- _EXERCISE_
Every line of the listing must be reproduced as it stands. Leave the images behind.

- _AVAILABLE DATA_
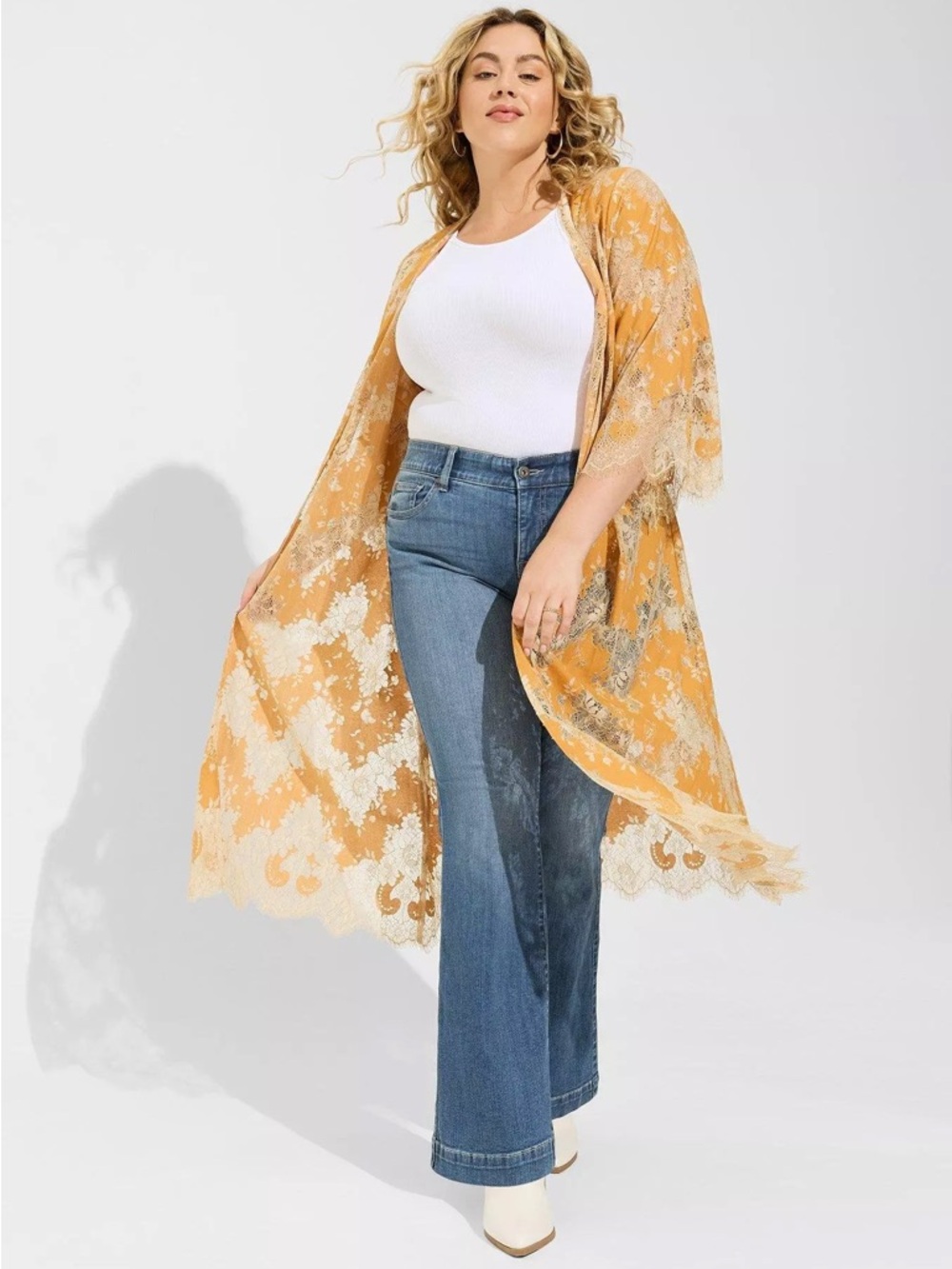 NWT Torrid Floral Lace Kimono - Picture 2 of 6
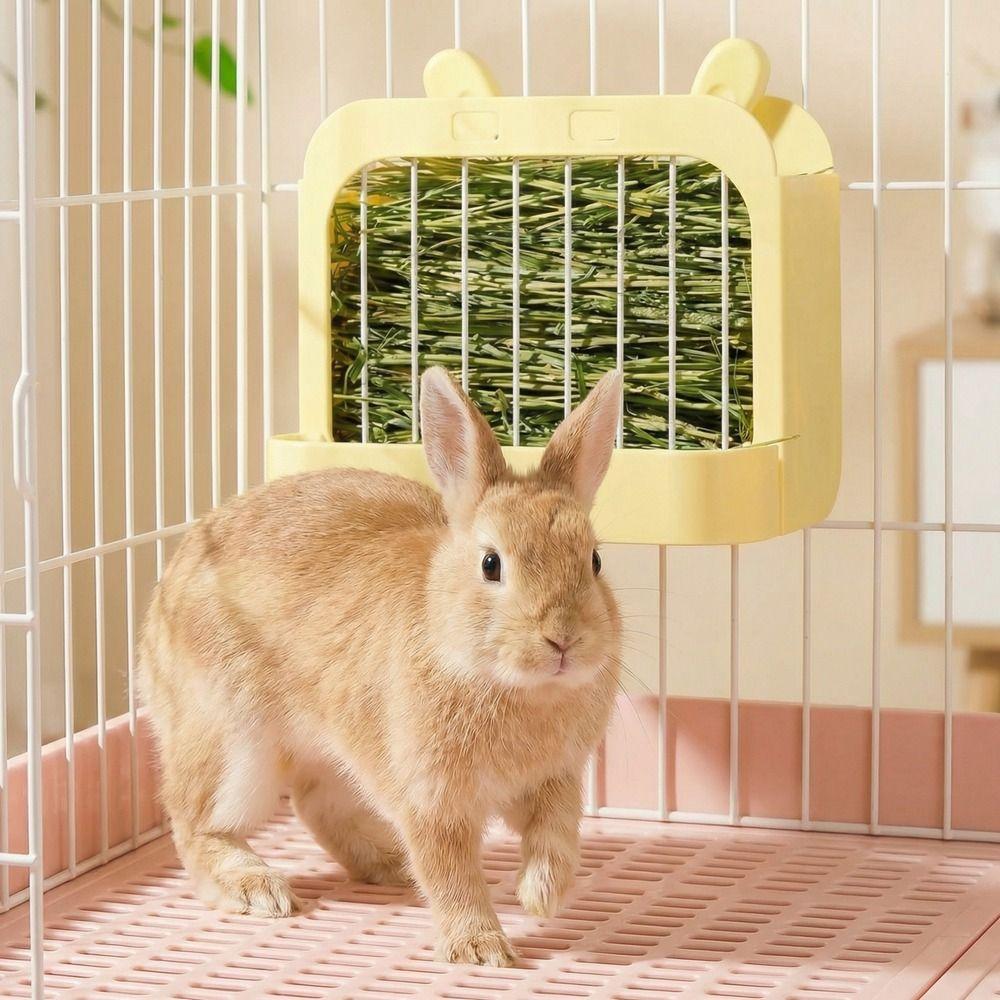 Large Capacity Hay Feeder Wall Hanging Grass Rack Practical Food Bowl Holder Indoor Rabbit Cage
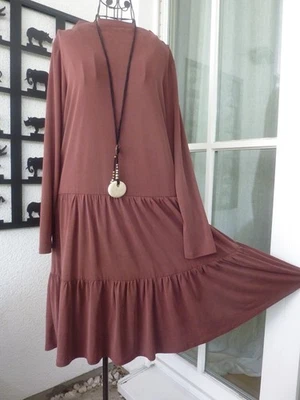 SOAKED IN LUXERY, KLEID, L, MODAL, STUFEN, BRAUN, LANGARM - Bild 1 von 4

- _RESULT_
 NWT Torrid Floral Lace Kimono - Picture 2 of 6
 Large Capacity Hay Feeder Wall Hanging Grass Rack Practical Food Bowl Holder Indoor Rabbit Cage
 SOAKED IN LUXERY, KLEID, L, MODAL, STUFEN, BRAUN, LANGARM - Bild 1 von 4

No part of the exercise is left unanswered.